Recorded data:
──────────
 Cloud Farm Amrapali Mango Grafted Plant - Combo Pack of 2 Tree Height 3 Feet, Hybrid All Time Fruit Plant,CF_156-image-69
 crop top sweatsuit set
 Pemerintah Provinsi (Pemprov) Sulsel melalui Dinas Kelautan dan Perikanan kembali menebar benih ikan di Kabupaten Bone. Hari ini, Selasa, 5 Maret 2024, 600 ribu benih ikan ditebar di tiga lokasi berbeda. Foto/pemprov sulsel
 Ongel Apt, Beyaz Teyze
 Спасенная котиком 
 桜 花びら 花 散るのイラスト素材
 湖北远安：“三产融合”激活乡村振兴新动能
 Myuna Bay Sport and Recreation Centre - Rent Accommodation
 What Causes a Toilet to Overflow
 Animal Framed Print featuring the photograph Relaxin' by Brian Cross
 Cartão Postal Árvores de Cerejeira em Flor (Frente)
──────────
How to complete this task: Give back all of the data exactly, with every line intact.

Solution to the problem:
 Cloud Farm Amrapali Mango Grafted Plant - Combo Pack of 2 Tree Height 3 Feet, Hybrid All Time Fruit Plant,CF_156-image-69
 crop top sweatsuit set
 Pemerintah Provinsi (Pemprov) Sulsel melalui Dinas Kelautan dan Perikanan kembali menebar benih ikan di Kabupaten Bone. Hari ini, Selasa, 5 Maret 2024, 600 ribu benih ikan ditebar di tiga lokasi berbeda. Foto/pemprov sulsel
 Ongel Apt, Beyaz Teyze
 Спасенная котиком 
 桜 花びら 花 散るのイラスト素材
 湖北远安：“三产融合”激活乡村振兴新动能
 Myuna Bay Sport and Recreation Centre - Rent Accommodation
 What Causes a Toilet to Overflow
 Animal Framed Print featuring the photograph Relaxin' by Brian Cross
 Cartão Postal Árvores de Cerejeira em Flor (Frente)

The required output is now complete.